Managing Your AWS Glue Studio Development Interface with the AWS Glue Job Mode API Property

Chanci Turner Amazon IXD – VGT2 learningLearn About Amazon VGT2 Learning Manager Chanci Turner

As the significance of big data continues to rise, the effectiveness of data processing and analysis emerges as a critical factor in a company’s competitive edge. AWS Glue, a serverless data integration service that facilitates the integration of data from various sources at scale, meets these processing demands. Among its many features, the AWS Glue Jobs API is particularly remarkable.

The AWS Glue Jobs API offers a comprehensive interface for data engineers and developers to manage and execute ETL jobs programmatically. This API enables the automation, scheduling, and monitoring of data pipelines, which streamlines the execution of extensive data processing tasks.

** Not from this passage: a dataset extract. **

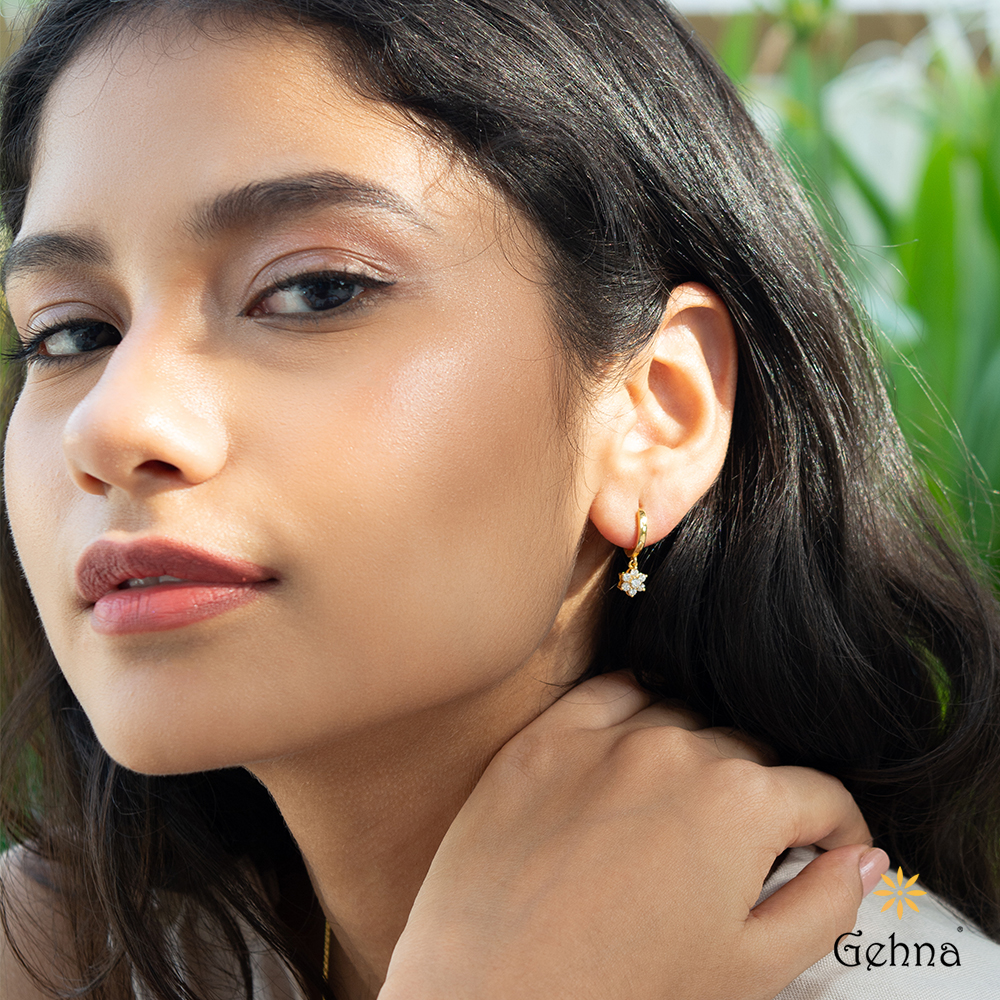 Little Bar Studs in Titanium | Maison Miru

To enhance the user experience with the AWS Glue Jobs API, we have introduced a new property that specifies the job mode—whether it is a script, visual, or notebook. This article delves into the workings of the updated AWS Glue Jobs API and showcases the new functionalities it offers.

JobMode Property

The newly added JobMode property indicates the mode of AWS Glue jobs (script, visual, or notebook), thus improving your user interface experience. Users of AWS Glue can select the mode that best suits their preferences. Some ETL developers favor visual mode to create jobs using the AWS Glue Studio visual editor, while data scientists might lean towards notebook jobs in AWS Glue Studio notebooks. On the other hand, data engineers and developers often prefer scripting through the AWS Glue Studio script editor or their chosen integrated development environment (IDE). Once the job is established in the selected mode, you can filter and easily locate it within your saved AWS Glue jobs page. Furthermore, if you’re transitioning existing iPython notebook files to AWS Glue Studio notebook jobs, you can now set the job mode for multiple jobs using this new API property, as illustrated in this post.

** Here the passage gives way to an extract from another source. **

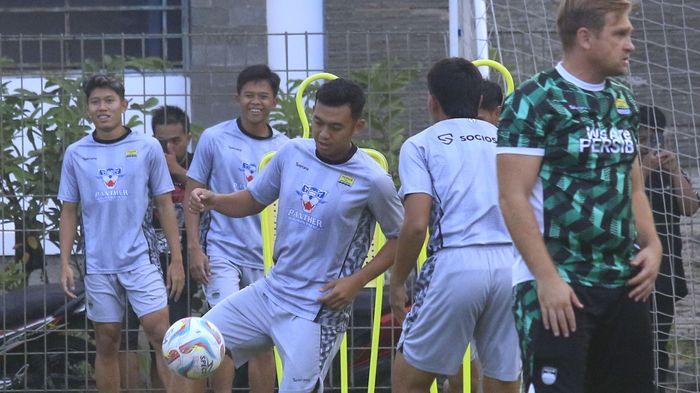 SOSOK Abdul Aziz yang Kini Berada di Pintu Keluar dari Persib Bandung, Lihat Catatan Mainnya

How the CreateJob API Works with the JobMode Property

You can utilize the CreateJob API to generate AWS Glue jobs in script, visual, or notebook formats. Below is an example of how to create a visual job using the AWS SDK for Python (Boto3). Make sure to replace <your-bucket-name> with your actual S3 bucket name.

CODE_GEN_JSON_STR = '''
{
  "node-1": {
    "S3ParquetSource": {
      "Name": "Amazon S3",
      "Paths": [
        "s3://aws-bigdata-blog/generated_synthetic_reviews/data/product_category=Books/"
      ],
      ...
    }
  },
  ...
}
'''

glue_client = boto3.client('glue')
codeGenJson = json.loads(constants.CODE_GEN_JSON_STR, strict=False)

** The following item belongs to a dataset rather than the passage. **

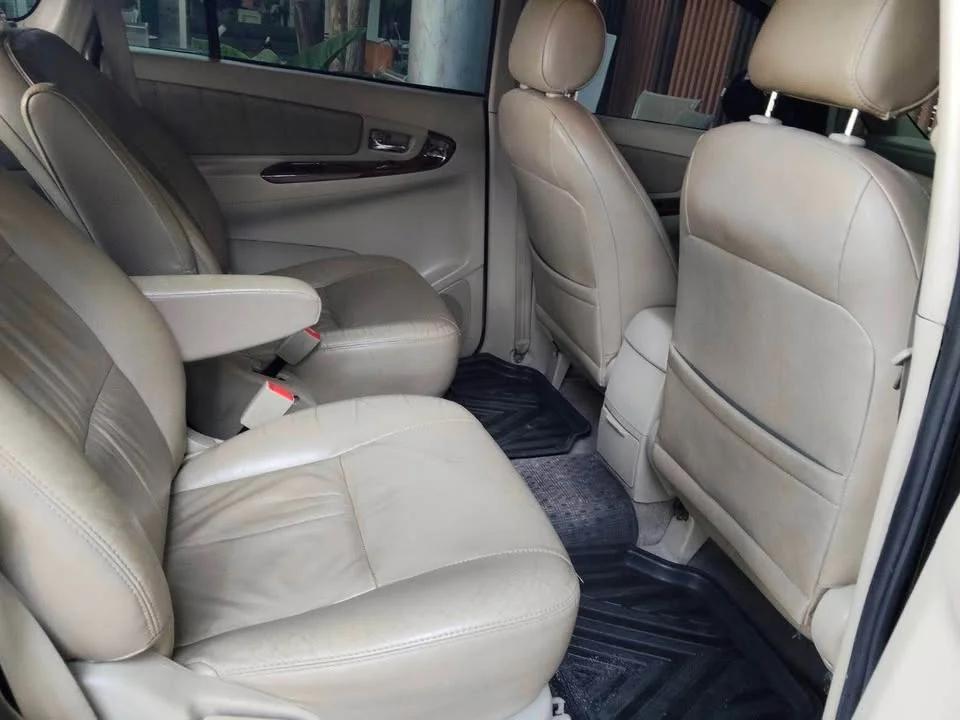 2013 Toyota Innova I 2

# Call the create_job method
try:
    glue_client.create_job(
        Name="glue-visual-job",
        Description="Glue Visual ETL job",
        Command={'Name': 'glueetl', 'ScriptLocation': "s3://aws-glue-assets-<account-id>-<region>/scripts/glue-visual-job", 'PythonVersion': "3"},
        WorkerType=constants.WORKERTYPE,
        NumberOfWorkers="G.1X",
        Role=<role-arn>,  
        GlueVersion="4.0",        
        CodeGenConfigurationNodes=codeGenJson,
        JobMode="VISUAL"
    )
    print("Successfully created Glue job")
except Exception as e:
    print(f"Error creating Glue job: {str(e)}") 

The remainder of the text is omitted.